Enormous graffiti murals becoming Moscow’s signature look (PHOTOS)
Vova Nootk, Astrakhanskiy lane 8
This mural won 1st prize at the Moscow Street Art Festival in 2012. Nootk painted the wall all by himself, working seven hours a day for five days. He used 200 cans of spray paint in the process.
Artem Stefanov, Arma 17
Stefanov's piece, called Hypnosis, was inspired by the 'glitch effect' of altered reality.
Alexey Kio, 1st Yamskogo Polya
Aleksey Kio's signature geometrical style shines through in this brightly-colored mural – a step away from his usual monochrome.
Zmogk, Kozhevnicheskaya 6
Some street art in Moscow is used for commercial purposes, like this stunning piece by Konstantin Zmogk, promoting a fashion brand in central Moscow.
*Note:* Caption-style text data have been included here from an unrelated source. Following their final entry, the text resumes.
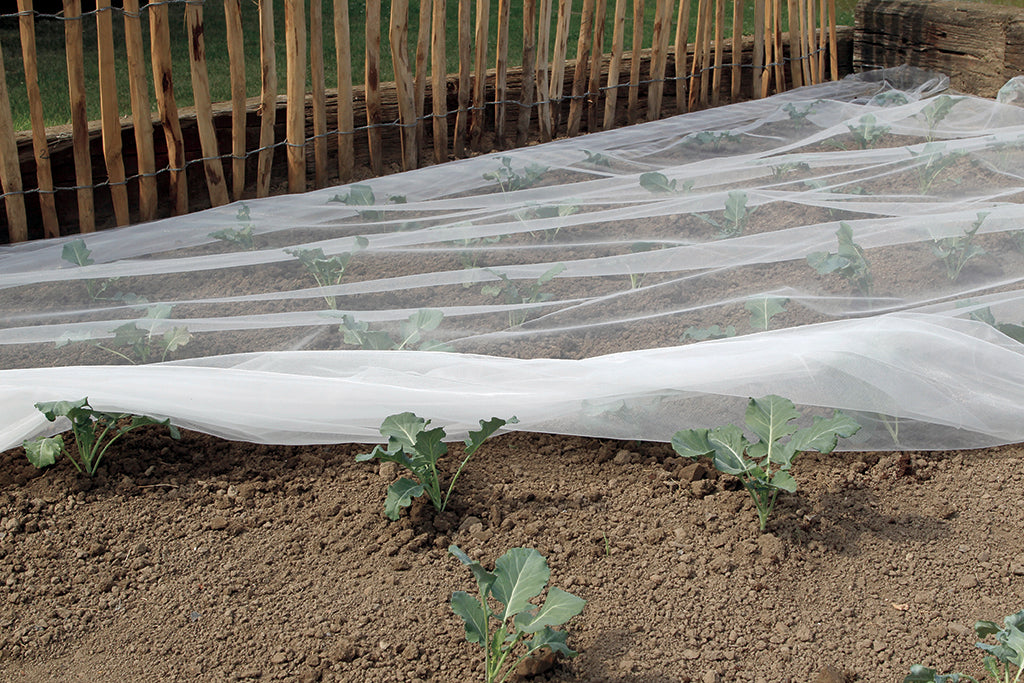 Malla antiplagas BIOCONTROL Nortene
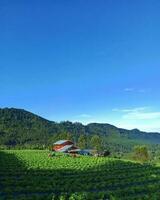 vibrante verde campos y laminación colinas debajo un azul cielo lozano campos y montañas en un hermosa rural paisaje. foto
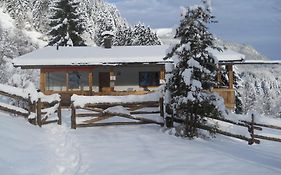 Cozy Chalet in Niederndorf bei Kufstein near Ski Area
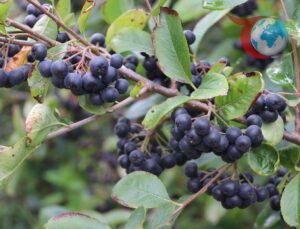 Aronya Meyvesi Diyabet Hastalarına Umut Oluyor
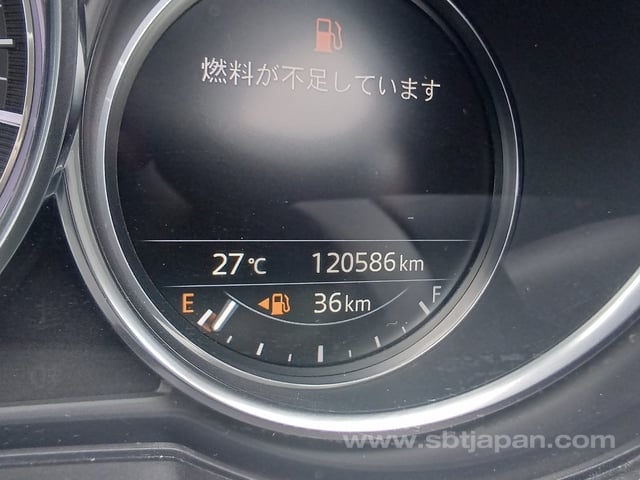 19.jpg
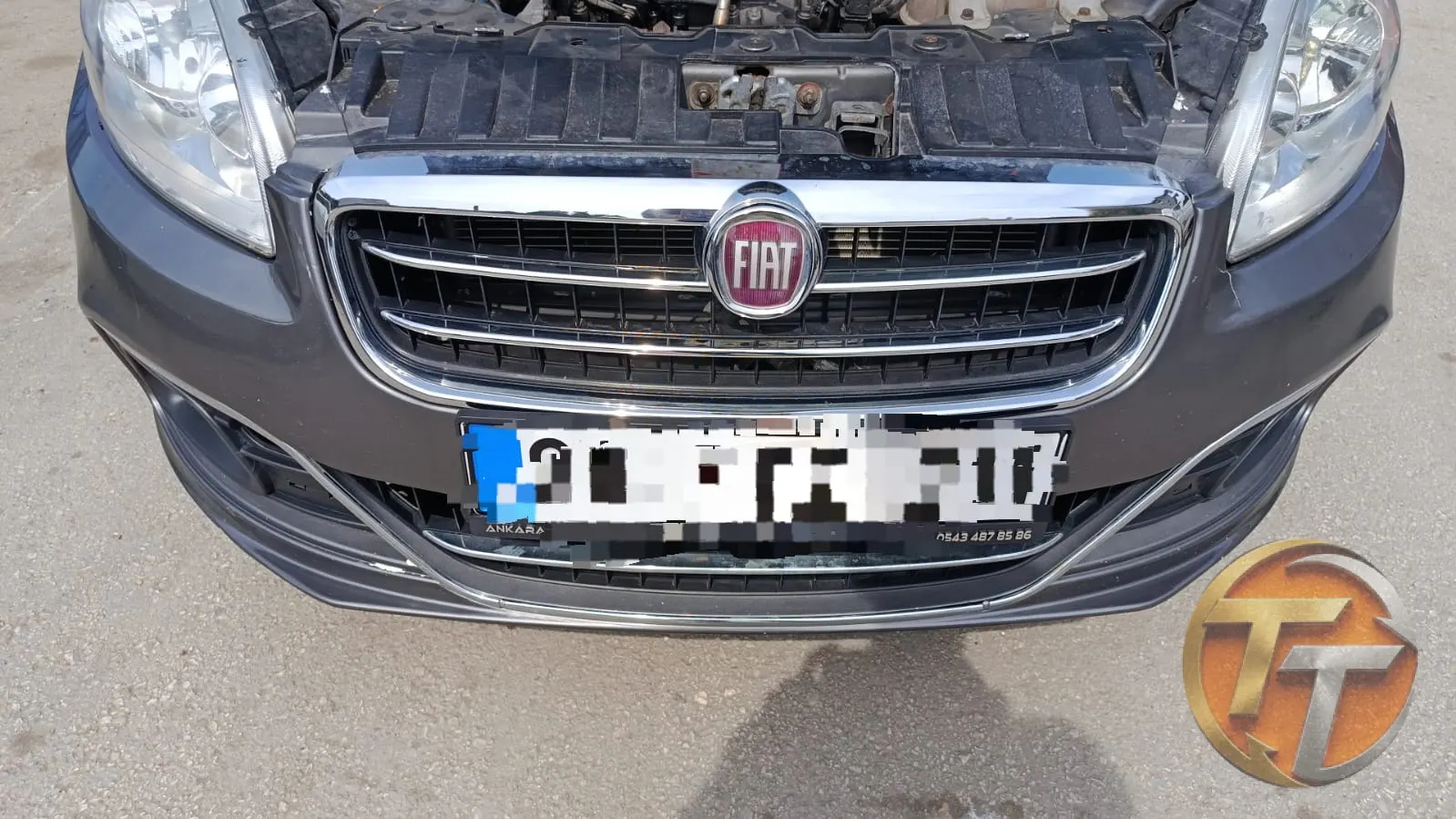 Linea ön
Misha Most, Krasnaya Presnya
Other murals appear on a 'guerrilla' basis, like this one by the enigmatic and elusive artist Misha Most, part of the ‘Zachem’ (What for) gang – Moscow's signature rebel slogan that the artists spread worldwide during their tours. Spot a ‘3a4em’ sticker or graffiti in your city, and you’ll know where it came from.
Project Nasledie, Bolshoy Afanasievsky, 33
Artists from the ‘Nasledie’ (Heritage) project have created a number of huge portraits of Russia's outstanding cultural figures across the capital. A six-story image of writer Mikhail Bulgakov can be seen in Moscow's historic Kropotkinskaya district, where the action in Bulgakov's world-famous novel ‘The Master and Margarita’ largely took place.
Project Set, Sadovaya-Spasskaya, 18/1
Russia's pro-government youth movement known as ‘Project Set’ (Project Network) recently created controversial graffiti on one of the city's main roads, the Garden Ring. The group says its design showing a bear dressing the doves of peace in body armor is a birthday present to Russian President Vladimir Putin. It claims the mural is a "prequel" to the famous piece by the British artist Banksy in Palestine, the ‘Armored Dove’. The image represents the idea that Russia is the nation responsible for providing safety for the rest of the world, the group explains.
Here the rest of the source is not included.